Outubro: História da Revolução RussaOutubro: História da Revolução Russa by China Miéville
My rating: 5 of 5 stars

O que leva um escritor de ficção-científica à aventura de escrever sobre a maior revolução socialista da história? É fácil entender quando se conhece um pouco mais sobre China Miéville. O inglês não é apenas um criativo autor de ficção weird, ou bizarra, mas também professor, acadêmico, político e militante de esquerda.

A partir de extensa documentação e bibliografia, em "Outubro: História da Revolução Russa" Miéville repassa os episódios a partir de abril de 1917, quando o czar Nicolau II é levado a renunciar diante da revolta de vários setores da sociedade - e seu irmão Miguel recusa-se a assumir em seu lugar.

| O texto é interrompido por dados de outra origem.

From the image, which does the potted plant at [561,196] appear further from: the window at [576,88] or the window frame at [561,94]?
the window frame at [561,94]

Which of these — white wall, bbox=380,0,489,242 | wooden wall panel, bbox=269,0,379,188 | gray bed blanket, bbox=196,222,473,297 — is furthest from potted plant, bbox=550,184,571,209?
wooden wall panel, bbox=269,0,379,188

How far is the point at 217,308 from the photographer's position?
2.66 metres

Seguem-se os capítulos que levam os nomes dos meses até outubro, quando os bolcheviques finalmente assumem o poder na Rússia.

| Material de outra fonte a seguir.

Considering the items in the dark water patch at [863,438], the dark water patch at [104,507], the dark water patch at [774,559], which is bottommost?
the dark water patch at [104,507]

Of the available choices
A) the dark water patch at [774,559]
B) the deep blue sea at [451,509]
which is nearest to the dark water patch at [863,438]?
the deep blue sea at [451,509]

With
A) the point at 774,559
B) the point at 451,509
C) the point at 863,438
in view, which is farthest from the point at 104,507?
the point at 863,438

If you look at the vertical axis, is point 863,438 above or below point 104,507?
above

Como em "Dez dias que abalaram o mundo", de John Reed, o autor relata o que acontece nas ruas e no interior de salões esfumaçados. Formam-se comitês de trabalhadores, soldados e representantes de diferentes etnias e de regiões remotas da Rússia. É um período absolutamente conturbado, em que o poder é disputado por várias correntes políticas e ao menos uma importante tentativa de contrarrevolução. No lado externo , o país sofre e perde centenas de milhares de soldados nas frentes de batalha da Segunda Guerra Mundial.

As semanas e meses se arrastam, com passeatas e manifestações mais ou menos violentas, encontros, reuniões, assembleias e conspirações. A violência política, a criminalidade e a fome avançam. Mas há registros pitorescos, como o relato sobre Lenin disfarçado com peruca e roupas de bêbado para evitar ser preso - ou pior - nas mãos de inimigos políticos, o poderoso cruzador Aurora impossibilitado de disparar em um momento crítico na revolução por falta de munição ou ainda uma decisiva lanterna vermelha que ninguém consegue encontrar.

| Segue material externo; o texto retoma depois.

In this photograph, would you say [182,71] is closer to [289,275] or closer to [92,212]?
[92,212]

"Outubro: História da Revolução Russa" resume um período fascinante da história. Como em "Dez dias que abalaram o mundo", de John Reed, muito se passa no interior de grandes salas e reuniões intermináveis, envolvendo muitos personagens. Longos trechos do relato se arrastam de um comício para uma assembleia e de lá para o encontro de um comitê. Mas não dá para parar de ler, ainda que o desfecho seja conhecido há um século.

Ajuda muito no fluxo da leitura o livro trazer ainda uma breve biografia de homens e mulheres que desempenharam diferentes papéis na disputa pelo poder, fotos de alguns dos protagonistas da revolução e extensa bibliografia para quem quiser se aprofundar no assunto.

Obra indispensável para conhecer esse período da história.

Em tempo: não consegui achar o livro impresso em várias livrarias (não cheguei a procurar em sebos). Mas a obra publicada pela editora Boitempo, com tradução de Heci Regina Candiani, está disponível no formato eletrônico.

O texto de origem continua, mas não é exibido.